I opened my mouth and narrowed my eyes.
“Er…yes.”
I swallowed, frightened by the deep tone of my own voice as I brought my giant hand to my throat, shocked by the Adam’s apple that now protruded from the front like a broken bone.
“But…” I brought my hand back to the image and tapped my finger against the plastic, looking at her.
Her green eyes scanned my face.
“It looks like you,” she assured.
I nodded, taking her word for it.
She sat down beside me and looked about the bus with frantic eyes. She seemed to be trying to formulate some sort of plan for me, her lips parted as a gentle breath escaped into the air. She looked down at the wallet one last time, her mouth forming words as her eyes traced the blurred letters of the driver’s license and address. She perked up then, causing me to shy away out of sudden fear.
“Driver, next stop please!” She looked out the dusty windows that reflected the neon lights inside, searching for some sign of where we were on the route. I couldn’t stop watching her and I wondered what was wrong with me, and why I still felt the same strange wave of warmth crash over me, again and again. Anothe
r sudden sharp pain racked my body but this time in my stomach, and I winced, grabbing my side.

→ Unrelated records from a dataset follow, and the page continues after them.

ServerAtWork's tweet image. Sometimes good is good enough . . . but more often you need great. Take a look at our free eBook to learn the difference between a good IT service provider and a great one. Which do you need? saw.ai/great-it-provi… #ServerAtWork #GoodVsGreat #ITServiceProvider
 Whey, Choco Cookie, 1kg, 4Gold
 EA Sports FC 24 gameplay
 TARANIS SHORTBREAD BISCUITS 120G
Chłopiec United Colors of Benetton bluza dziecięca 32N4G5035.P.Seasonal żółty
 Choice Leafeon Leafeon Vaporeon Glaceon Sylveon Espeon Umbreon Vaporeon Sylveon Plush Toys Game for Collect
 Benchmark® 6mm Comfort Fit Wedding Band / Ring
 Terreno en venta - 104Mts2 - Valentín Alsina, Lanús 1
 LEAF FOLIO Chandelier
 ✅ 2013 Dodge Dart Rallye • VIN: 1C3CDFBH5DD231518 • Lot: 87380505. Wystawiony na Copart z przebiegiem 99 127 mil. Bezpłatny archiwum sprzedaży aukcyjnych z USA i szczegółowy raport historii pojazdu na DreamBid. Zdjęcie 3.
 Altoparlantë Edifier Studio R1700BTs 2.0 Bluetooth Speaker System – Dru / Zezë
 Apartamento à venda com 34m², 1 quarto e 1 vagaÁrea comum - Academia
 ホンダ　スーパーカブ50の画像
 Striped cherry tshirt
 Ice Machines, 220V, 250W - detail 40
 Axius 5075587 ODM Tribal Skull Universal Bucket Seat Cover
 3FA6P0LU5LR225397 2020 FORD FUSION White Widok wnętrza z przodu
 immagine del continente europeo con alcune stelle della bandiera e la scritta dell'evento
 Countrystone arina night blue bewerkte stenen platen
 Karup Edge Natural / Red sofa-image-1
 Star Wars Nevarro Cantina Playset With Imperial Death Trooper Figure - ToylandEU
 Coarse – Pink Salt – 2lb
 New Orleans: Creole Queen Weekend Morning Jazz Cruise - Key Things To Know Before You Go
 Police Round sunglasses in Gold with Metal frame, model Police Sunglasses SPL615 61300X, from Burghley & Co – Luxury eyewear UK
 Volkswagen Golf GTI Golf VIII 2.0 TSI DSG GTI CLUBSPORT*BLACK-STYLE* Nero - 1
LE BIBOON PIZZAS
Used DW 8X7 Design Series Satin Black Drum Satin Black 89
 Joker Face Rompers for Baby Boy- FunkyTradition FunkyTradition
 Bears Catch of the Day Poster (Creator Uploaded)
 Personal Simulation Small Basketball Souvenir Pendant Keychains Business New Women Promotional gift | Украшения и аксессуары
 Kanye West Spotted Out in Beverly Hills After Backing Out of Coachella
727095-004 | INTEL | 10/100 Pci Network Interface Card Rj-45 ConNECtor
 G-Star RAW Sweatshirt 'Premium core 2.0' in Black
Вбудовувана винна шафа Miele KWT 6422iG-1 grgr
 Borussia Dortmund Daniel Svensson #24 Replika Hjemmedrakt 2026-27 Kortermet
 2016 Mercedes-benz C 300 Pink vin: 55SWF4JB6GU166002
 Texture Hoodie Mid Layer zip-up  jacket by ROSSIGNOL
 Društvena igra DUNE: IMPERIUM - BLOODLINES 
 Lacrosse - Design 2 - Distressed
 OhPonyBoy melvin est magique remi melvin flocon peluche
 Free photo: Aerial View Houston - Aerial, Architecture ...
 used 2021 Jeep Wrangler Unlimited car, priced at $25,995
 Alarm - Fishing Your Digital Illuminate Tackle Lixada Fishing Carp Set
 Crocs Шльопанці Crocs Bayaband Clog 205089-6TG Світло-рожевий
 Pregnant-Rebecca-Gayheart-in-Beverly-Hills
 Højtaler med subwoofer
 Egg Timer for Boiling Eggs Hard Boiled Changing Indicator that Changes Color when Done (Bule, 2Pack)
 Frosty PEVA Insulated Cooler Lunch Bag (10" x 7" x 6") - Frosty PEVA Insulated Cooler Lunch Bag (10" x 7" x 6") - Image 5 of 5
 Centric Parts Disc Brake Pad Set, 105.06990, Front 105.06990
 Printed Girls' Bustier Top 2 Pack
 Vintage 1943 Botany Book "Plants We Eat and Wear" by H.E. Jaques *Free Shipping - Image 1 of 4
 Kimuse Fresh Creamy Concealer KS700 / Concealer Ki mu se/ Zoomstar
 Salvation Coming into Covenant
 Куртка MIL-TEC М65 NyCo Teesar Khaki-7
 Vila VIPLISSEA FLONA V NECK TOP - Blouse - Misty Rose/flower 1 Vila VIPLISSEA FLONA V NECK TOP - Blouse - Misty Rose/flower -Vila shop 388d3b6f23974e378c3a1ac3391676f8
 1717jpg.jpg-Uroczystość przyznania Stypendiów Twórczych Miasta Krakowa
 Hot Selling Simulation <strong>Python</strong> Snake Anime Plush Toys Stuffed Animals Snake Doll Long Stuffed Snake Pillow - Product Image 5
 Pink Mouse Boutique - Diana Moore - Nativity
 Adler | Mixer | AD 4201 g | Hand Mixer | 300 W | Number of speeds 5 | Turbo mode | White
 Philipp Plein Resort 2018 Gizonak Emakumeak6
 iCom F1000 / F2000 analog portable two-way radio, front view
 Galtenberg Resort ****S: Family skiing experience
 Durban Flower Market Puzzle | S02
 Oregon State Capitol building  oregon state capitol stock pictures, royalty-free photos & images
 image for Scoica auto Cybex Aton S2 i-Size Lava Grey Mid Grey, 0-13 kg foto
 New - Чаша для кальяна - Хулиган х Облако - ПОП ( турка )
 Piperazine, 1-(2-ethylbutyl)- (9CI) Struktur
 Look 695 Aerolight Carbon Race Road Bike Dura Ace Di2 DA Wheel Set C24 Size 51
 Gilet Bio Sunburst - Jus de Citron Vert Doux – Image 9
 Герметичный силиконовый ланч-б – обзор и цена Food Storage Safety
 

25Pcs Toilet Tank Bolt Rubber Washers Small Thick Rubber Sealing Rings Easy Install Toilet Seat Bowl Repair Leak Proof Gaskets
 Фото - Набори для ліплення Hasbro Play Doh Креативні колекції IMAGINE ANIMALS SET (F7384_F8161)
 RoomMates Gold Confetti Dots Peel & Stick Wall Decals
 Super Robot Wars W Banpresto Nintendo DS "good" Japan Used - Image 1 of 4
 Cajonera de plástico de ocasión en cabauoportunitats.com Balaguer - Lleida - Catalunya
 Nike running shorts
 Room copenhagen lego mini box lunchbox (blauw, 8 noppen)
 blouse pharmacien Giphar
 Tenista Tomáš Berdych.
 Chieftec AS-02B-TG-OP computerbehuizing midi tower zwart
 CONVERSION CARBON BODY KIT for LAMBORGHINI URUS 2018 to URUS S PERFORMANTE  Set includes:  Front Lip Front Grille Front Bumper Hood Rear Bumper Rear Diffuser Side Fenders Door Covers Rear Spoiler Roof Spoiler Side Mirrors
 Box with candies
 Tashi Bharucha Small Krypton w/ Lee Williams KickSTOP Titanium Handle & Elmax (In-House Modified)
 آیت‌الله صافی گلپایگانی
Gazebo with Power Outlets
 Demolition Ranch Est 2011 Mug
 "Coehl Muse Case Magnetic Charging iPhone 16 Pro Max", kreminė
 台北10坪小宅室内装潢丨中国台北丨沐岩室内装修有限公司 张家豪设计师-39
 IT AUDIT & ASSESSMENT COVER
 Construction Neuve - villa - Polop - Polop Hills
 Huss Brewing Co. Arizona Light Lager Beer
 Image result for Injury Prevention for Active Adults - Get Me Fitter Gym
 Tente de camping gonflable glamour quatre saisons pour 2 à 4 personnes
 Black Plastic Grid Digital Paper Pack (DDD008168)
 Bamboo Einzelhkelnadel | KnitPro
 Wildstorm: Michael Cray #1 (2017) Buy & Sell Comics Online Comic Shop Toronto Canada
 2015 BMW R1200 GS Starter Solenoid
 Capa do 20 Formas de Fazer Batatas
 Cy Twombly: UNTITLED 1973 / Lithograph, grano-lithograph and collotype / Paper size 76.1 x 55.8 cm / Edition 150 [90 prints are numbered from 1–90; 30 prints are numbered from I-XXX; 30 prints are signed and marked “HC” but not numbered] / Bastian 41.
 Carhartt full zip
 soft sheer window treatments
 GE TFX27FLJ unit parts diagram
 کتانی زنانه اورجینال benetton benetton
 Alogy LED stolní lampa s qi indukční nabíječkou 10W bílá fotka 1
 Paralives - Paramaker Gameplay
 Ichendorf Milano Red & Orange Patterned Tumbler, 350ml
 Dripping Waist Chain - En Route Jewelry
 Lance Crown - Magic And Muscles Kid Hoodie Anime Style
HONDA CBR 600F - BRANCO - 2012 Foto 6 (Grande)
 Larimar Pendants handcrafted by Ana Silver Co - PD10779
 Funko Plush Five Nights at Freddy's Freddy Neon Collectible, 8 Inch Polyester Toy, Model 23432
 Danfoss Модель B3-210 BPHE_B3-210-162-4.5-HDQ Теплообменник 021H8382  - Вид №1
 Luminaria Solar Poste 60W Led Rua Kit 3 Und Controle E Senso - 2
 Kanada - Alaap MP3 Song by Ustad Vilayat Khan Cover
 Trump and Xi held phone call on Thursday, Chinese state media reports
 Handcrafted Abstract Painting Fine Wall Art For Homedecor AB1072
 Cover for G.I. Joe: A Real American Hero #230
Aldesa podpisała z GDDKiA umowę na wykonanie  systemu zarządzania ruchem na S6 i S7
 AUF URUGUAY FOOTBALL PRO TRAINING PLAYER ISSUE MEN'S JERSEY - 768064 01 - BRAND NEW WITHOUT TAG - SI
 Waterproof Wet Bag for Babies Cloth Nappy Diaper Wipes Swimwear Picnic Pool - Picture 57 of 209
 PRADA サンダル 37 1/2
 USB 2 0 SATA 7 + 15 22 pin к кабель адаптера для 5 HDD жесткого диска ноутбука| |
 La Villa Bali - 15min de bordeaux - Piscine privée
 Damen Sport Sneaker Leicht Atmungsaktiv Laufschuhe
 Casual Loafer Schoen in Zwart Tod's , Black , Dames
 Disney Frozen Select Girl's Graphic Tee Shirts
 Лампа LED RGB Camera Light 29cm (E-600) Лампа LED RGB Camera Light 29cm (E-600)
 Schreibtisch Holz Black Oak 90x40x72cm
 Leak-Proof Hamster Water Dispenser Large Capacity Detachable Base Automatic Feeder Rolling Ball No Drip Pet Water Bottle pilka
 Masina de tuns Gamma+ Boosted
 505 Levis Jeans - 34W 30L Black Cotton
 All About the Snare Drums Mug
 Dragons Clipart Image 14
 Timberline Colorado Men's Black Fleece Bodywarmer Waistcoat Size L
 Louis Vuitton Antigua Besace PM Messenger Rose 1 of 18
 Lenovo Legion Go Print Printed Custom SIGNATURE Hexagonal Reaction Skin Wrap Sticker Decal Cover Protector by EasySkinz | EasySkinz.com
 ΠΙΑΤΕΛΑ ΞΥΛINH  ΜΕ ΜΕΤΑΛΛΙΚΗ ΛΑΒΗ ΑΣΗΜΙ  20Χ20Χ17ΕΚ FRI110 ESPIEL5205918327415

“Oh!” The woman touched my arm and my mind forgot about the burning in my side and instead focused on her warm hand. “Are you alright?”
I nodded and gave her a shaky smile, forcing down the pain. She focused back on the bus, looking out the windows. I watched her blink as I continued to shut out the pain and swallow the sick taste in my mouth.
My grandmother had often taken me on bus rides, so I was used to the ride and motion, though my large body was hard to keep still. I looked back down at my hands and legs, wondering what had happened to the time between ages six and now. I must be dreaming but it felt real, as though that time had been stolen from me, like what I imagined would happen if I had been in a coma. I wiped a bead of sweat from my brow, my hand scratching across the stubble that grew on my face. I felt my chin, amazed by the feeling of it as it scrubbed my fingers, reveling in the fact I was man enough to grow a full beard.